DATA EXTRACT Block Start
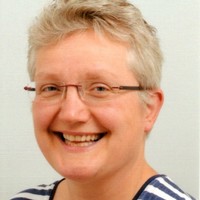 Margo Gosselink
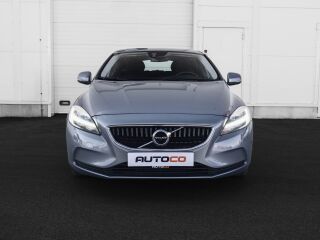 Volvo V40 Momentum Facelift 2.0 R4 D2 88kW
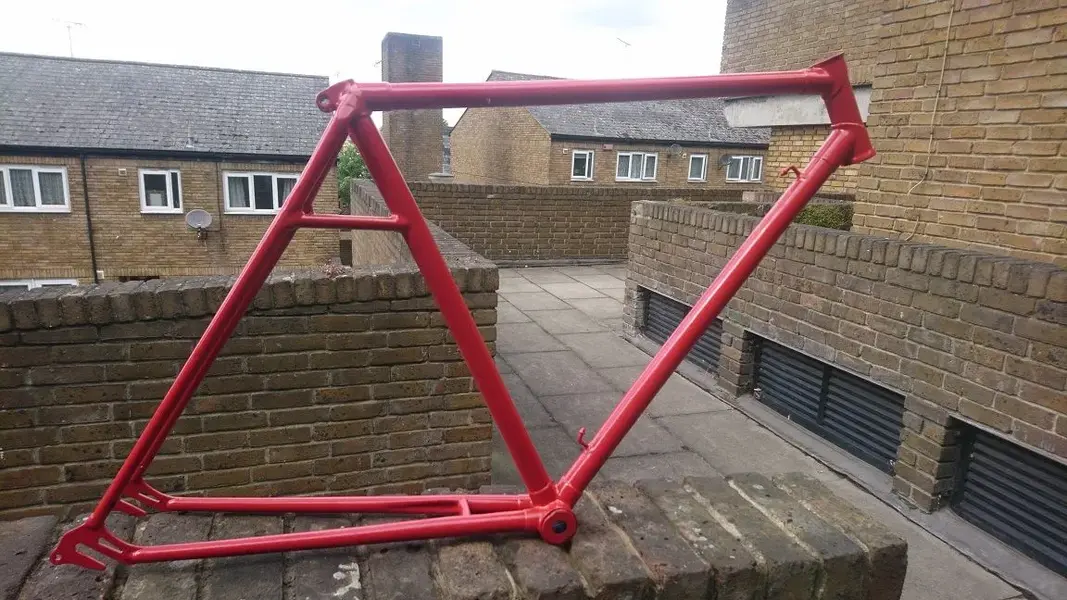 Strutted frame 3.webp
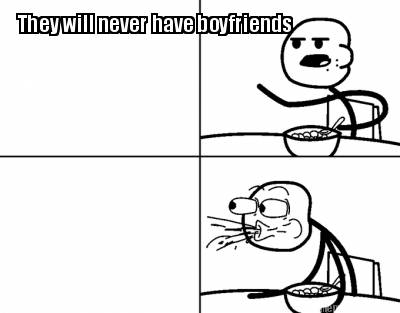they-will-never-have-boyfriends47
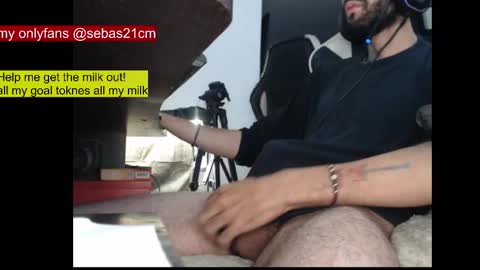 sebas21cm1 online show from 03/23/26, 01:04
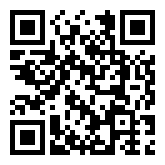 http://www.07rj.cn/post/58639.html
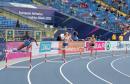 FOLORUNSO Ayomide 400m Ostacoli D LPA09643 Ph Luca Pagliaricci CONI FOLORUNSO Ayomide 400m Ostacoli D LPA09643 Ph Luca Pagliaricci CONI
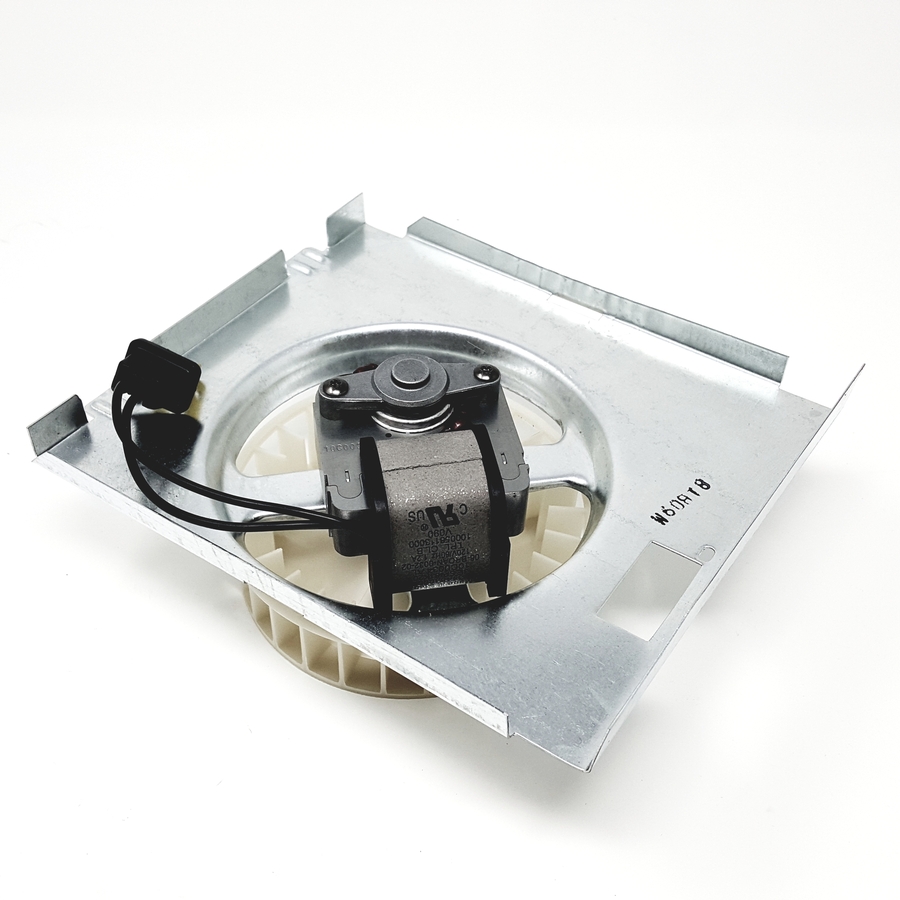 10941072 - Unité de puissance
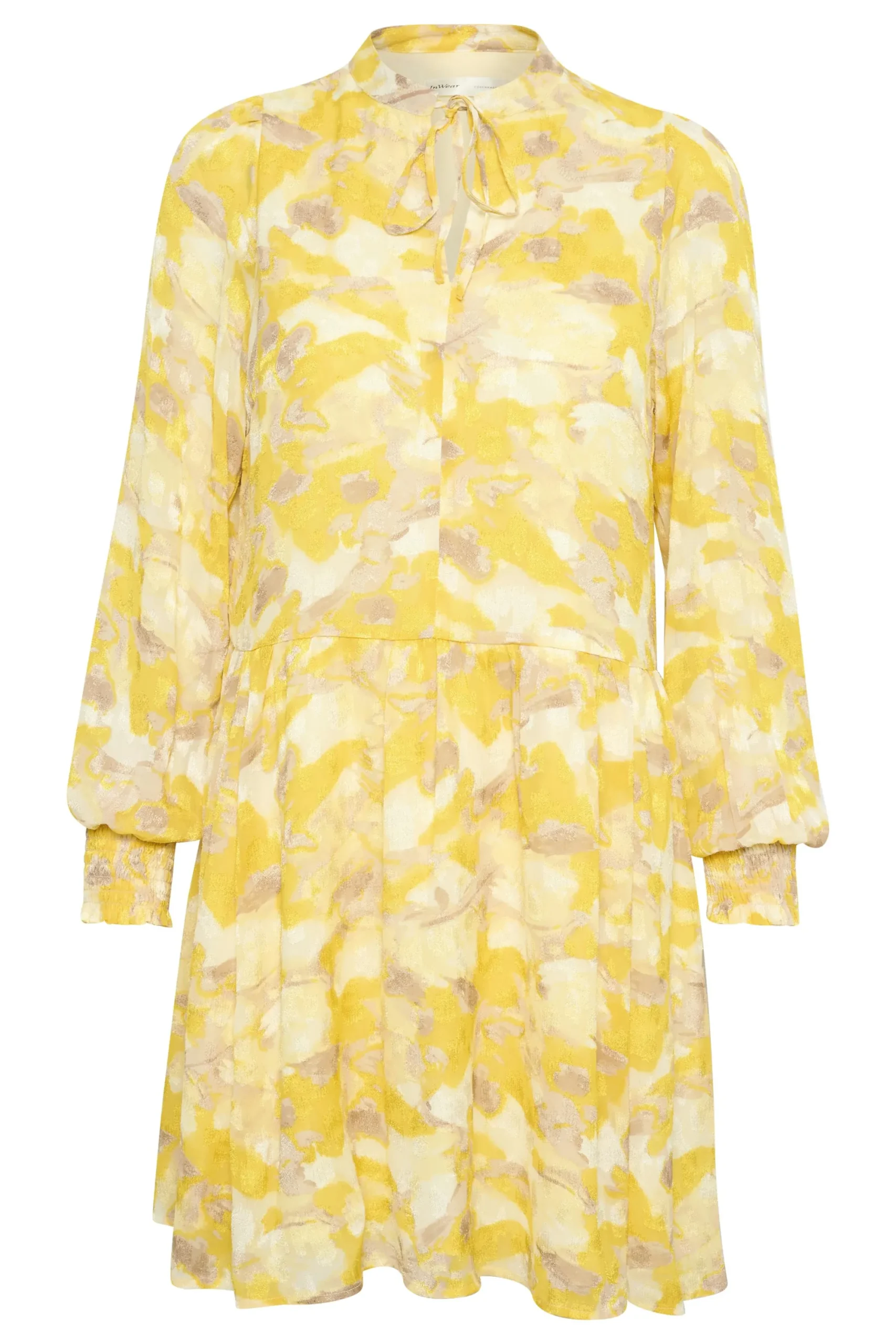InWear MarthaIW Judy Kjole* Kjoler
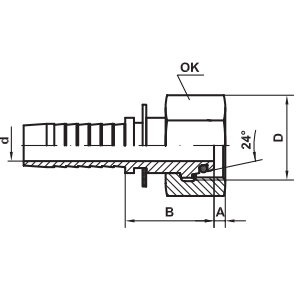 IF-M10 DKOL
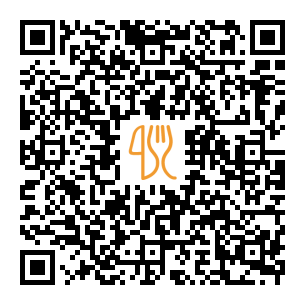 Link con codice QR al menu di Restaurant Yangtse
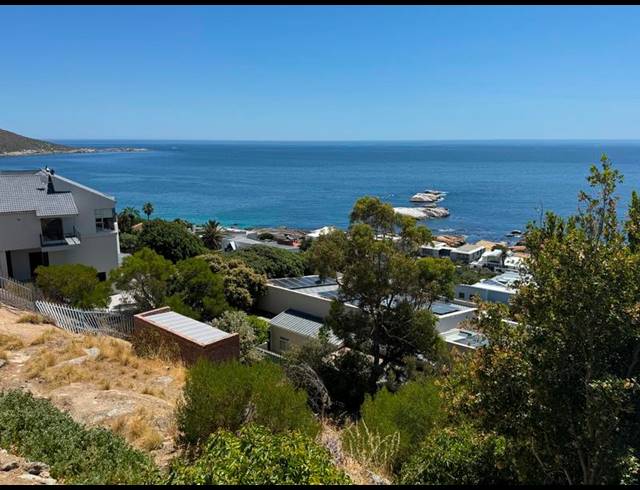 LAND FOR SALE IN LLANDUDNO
DATA EXTRACT Block End
DATA EXTRACT Block Start
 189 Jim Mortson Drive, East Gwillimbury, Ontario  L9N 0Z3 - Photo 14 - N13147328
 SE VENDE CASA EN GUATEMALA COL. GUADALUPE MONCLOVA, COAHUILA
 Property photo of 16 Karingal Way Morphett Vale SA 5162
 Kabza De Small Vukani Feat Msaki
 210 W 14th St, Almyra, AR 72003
DATA EXTRACT Block End
DATA EXTRACT Block Start
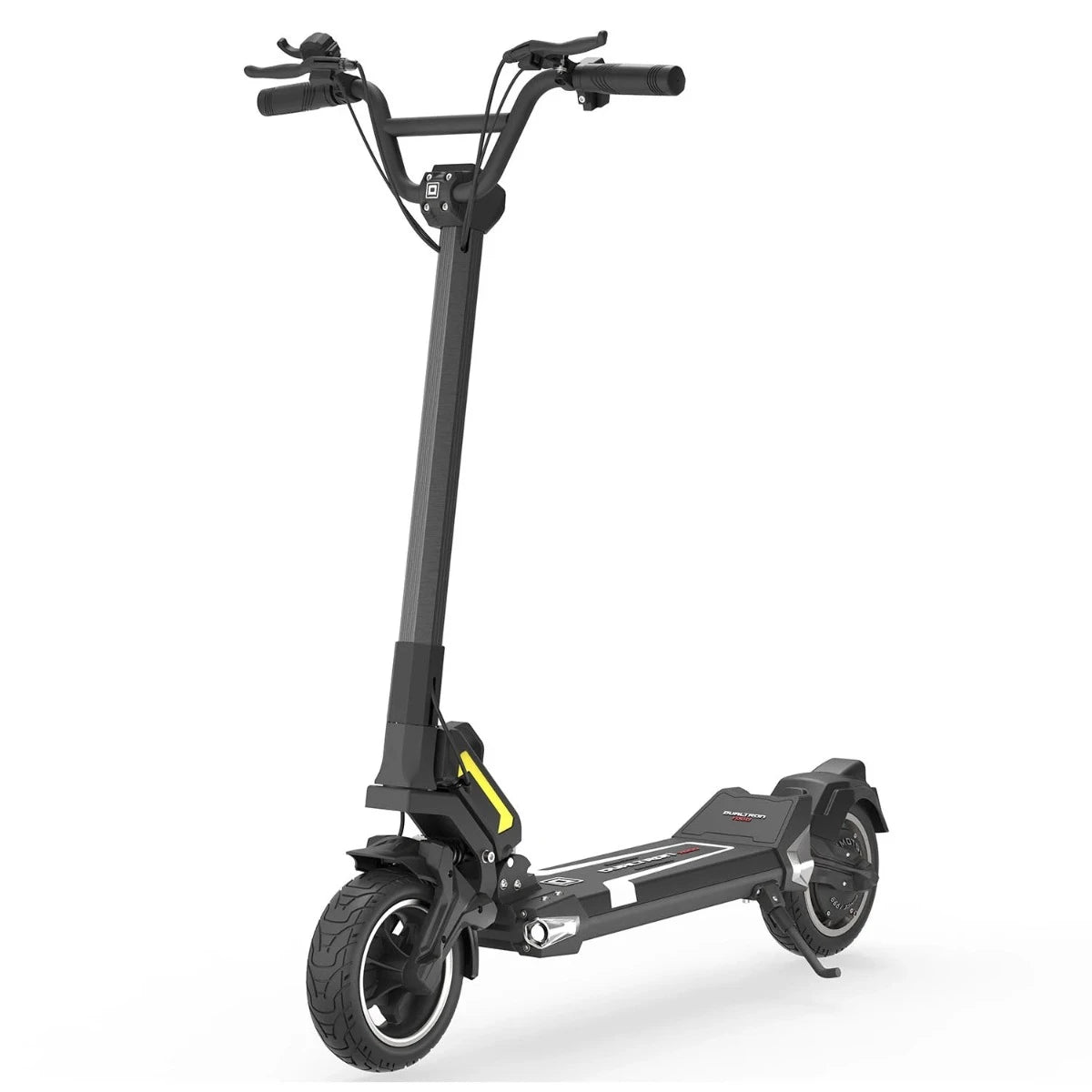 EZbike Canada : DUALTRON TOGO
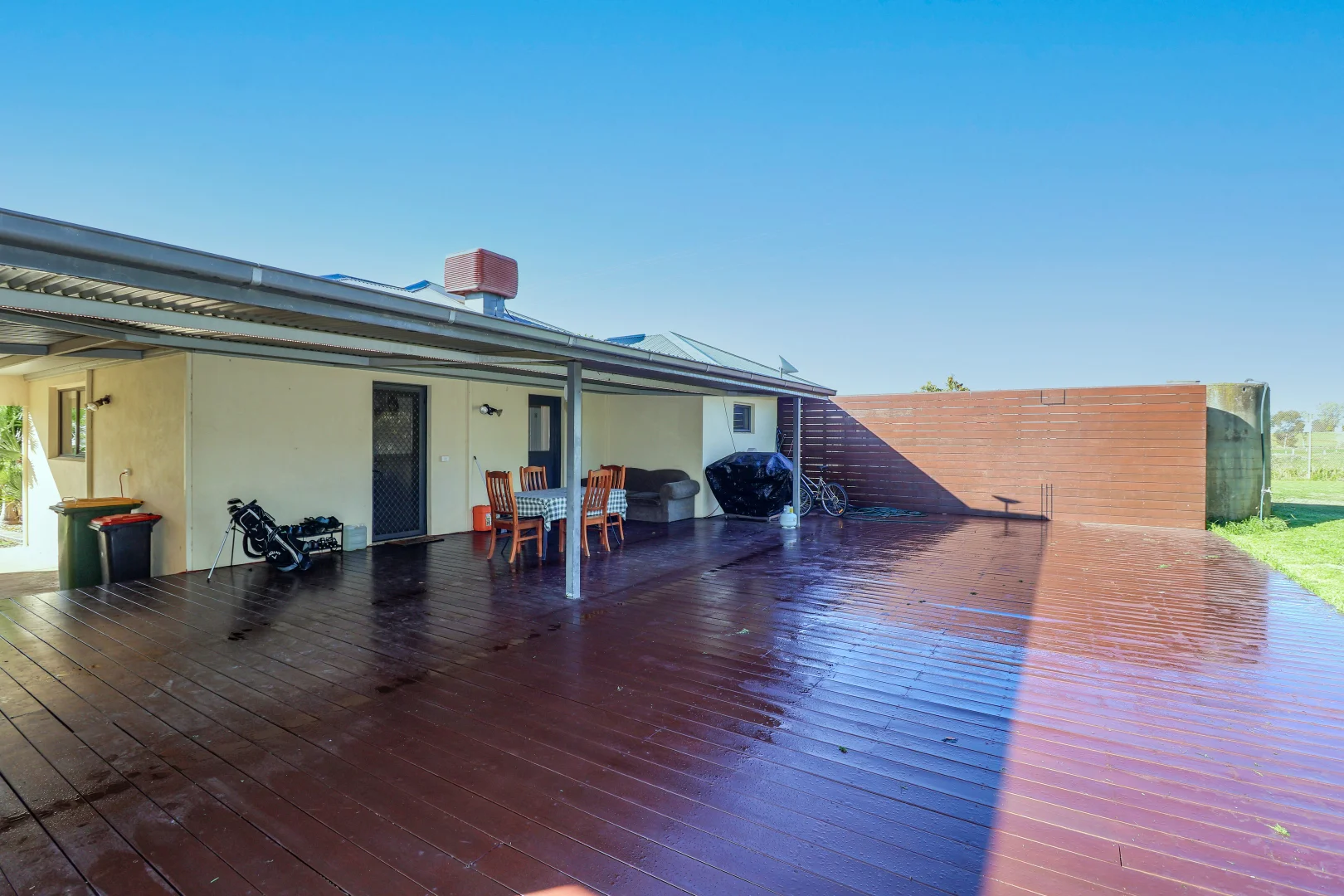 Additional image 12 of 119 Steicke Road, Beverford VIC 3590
DATA EXTRACT Block End
Copy only what runs above from the line containing "Pagliaricci CONI FOLORUNSO" through the line containing "LAND FOR SALE IN LLANDUDNO", exactly. Leave out the pictures.

 FOLORUNSO Ayomide 400m Ostacoli D LPA09643 Ph Luca Pagliaricci CONI FOLORUNSO Ayomide 400m Ostacoli D LPA09643 Ph Luca Pagliaricci CONI
 10941072 - Unité de puissance
InWear MarthaIW Judy Kjole* Kjoler
 IF-M10 DKOL
 Link con codice QR al menu di Restaurant Yangtse
 LAND FOR SALE IN LLANDUDNO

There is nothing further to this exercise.